Something quite disturbing is happening in the nation’s capital. Bureaucrats in one of the federal government’s biggest departments have issued a gag order against what they deem to be unfair criticism of President Obama’s health care reform proposals. Not only are these bureaucrats making a mockery of the First Amendment’s guarantee of freedom of speech, they are also denying information that millions of elderly Americans have a right to receive.
Here’s the situation: Earlier this month, officials with the Louisville, Ky.-based Humana Corp. sent a one-page letter to all of its policyholders who participate in the Medicare Advantage program. The letter was entirely factual and pointed out, among other things, that because of cuts proposed under Obamacare, “millions of seniors and disabled individuals could lose many of the important benefits and services that make Medicare Advantage health plans so valuable.”
The Humana letter angered Senate Finance Committee Chairman Sen.
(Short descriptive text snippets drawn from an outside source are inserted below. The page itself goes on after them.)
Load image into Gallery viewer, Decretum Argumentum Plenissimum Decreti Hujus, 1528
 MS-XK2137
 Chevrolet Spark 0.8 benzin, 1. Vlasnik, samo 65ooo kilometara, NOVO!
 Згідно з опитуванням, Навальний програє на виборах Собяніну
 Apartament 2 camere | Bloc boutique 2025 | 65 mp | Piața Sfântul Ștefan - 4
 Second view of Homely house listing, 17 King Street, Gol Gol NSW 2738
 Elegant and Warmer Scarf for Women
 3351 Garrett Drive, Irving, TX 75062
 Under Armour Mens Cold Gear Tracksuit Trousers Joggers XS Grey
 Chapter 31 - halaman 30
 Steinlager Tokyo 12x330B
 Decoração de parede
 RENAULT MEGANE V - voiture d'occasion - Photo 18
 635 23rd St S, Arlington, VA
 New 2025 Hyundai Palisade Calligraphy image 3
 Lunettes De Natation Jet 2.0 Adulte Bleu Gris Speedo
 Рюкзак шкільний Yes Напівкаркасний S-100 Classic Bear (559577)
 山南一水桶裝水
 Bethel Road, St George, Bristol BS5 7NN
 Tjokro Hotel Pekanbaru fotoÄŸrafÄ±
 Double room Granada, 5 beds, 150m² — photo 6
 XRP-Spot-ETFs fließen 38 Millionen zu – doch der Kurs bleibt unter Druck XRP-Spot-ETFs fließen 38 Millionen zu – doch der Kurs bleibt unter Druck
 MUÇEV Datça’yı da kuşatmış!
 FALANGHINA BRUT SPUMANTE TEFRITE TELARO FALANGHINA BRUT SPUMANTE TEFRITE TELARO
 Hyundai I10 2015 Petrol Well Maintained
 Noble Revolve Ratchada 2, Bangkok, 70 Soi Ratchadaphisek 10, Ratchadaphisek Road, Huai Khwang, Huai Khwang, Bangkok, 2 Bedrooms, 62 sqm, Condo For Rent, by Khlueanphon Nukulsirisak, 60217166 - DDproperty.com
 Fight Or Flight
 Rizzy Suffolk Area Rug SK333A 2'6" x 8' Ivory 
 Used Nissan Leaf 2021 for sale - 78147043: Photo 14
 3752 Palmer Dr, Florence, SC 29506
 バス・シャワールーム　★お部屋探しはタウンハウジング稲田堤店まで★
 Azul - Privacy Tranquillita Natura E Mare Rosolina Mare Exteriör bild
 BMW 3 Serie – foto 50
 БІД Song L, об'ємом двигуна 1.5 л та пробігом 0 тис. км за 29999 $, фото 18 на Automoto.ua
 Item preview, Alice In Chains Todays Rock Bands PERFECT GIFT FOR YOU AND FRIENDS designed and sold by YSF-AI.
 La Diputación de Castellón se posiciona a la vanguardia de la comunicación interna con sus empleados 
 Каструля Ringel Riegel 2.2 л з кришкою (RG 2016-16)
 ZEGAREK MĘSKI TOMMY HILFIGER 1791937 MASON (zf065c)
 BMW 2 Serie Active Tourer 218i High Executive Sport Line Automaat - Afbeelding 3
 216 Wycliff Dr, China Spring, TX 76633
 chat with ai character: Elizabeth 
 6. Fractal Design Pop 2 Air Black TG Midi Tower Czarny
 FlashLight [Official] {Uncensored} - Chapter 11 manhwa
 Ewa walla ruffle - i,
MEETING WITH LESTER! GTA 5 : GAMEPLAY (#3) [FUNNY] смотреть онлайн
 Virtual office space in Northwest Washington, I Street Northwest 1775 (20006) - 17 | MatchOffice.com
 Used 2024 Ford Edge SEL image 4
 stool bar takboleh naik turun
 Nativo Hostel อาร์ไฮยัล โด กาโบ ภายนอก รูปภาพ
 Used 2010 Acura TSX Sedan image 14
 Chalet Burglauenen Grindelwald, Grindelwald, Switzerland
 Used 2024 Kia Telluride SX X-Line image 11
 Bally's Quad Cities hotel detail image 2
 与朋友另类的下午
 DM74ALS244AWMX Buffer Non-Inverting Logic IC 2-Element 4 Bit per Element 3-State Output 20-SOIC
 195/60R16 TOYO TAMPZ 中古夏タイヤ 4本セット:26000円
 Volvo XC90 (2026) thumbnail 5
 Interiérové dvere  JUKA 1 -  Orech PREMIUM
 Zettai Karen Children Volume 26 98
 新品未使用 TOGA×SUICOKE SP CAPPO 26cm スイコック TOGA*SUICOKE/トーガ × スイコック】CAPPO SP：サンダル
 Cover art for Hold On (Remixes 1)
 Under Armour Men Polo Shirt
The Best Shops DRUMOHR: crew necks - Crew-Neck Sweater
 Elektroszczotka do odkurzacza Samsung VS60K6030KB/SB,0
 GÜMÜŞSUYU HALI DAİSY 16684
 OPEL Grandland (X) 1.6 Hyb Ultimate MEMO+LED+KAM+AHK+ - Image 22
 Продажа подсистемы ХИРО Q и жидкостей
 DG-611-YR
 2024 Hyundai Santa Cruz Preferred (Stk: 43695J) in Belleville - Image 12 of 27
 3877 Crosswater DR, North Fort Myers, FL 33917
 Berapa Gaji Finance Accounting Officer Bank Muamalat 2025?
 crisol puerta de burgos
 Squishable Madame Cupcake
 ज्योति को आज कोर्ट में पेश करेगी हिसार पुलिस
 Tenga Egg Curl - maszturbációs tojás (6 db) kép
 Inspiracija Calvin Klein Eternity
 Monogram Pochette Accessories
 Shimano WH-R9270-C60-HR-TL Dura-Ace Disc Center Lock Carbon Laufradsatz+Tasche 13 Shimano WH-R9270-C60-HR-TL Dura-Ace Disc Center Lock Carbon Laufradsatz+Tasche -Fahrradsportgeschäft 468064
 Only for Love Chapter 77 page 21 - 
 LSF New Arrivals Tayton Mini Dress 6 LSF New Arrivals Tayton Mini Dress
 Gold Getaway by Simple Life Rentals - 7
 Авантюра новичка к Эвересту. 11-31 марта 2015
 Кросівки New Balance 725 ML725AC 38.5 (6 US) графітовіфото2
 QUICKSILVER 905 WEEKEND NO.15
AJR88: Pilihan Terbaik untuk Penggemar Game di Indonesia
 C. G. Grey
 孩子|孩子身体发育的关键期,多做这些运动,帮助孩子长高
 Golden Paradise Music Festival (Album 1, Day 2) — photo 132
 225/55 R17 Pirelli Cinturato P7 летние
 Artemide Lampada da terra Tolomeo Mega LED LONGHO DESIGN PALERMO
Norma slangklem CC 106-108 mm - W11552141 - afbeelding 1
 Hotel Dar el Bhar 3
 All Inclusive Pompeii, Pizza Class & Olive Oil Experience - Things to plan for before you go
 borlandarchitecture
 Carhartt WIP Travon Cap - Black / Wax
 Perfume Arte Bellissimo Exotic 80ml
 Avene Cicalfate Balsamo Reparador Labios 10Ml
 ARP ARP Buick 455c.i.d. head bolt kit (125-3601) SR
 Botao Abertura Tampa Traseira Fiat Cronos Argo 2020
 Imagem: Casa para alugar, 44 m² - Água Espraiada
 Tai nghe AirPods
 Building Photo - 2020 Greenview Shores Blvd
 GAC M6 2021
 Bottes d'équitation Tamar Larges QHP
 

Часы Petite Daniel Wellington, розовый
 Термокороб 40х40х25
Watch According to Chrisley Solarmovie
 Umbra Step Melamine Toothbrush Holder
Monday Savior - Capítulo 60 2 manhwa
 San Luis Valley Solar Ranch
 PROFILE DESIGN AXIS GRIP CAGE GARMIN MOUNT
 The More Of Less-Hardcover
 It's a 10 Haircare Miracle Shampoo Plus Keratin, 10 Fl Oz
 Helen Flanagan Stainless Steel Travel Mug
Max Baucus, D-Mont., who is the principal author of the Senate version of Obamacare, which indeed includes hundreds of millions of dollars’ worth of “savings” that are supposed to be achieved by eliminating waste and fraud in the Medicare Advantage program. When Washington politicians talk about saving money by cutting waste and fraud, hang on to your wallets. It’s their way of saying higher taxes are coming.
To make sure Americans don’t see through this smoke-and-mirror act, and to stay in the good graces of Baucus, the bureaucrats at the U.S. Department of Health and Human Services, which manages Medicare, ordered Humana and all other private companies participating in the Medicare Advantage program to “to end immediately all such mailings to beneficiaries and to remove any related materials directed to Medicare enrollees from your website.” They also added this blunt warning: “Please be advised that we take this matter very seriously and, based upon the findings of our investigation, will pursue compliance and enforcement actions. …”
There is no doubt that any speech about Obamacare by private citizens or companies — including false speech, according to federal courts — is protected under the First Amendment. Yet here we see the full power of the federal government being used to crush what some bureaucrats and an angry senator deem as “bad” speech. As Senate Minority Leader Mitch McConnell said: “This episode should be of serious concern to millions of seniors on Medicare who deserve to know what the government has in mind for their health care. But it should also frighten anyone who cherishes their First Amendment right to free speech — whether in Louisville, Helena, San Francisco or anywhere else.”
Senate Republicans say no Obama appointees with pending confirmations will go forward until the gag order is reversed. Finally, some backbone on the right side of “the world’s greatest deliberative body.”
UPDATE: Baucus title corrected
This editorial originally incorrectly identified Sen. Baucus as chairman of the Senate HELP committee. The Examiner regrets the error.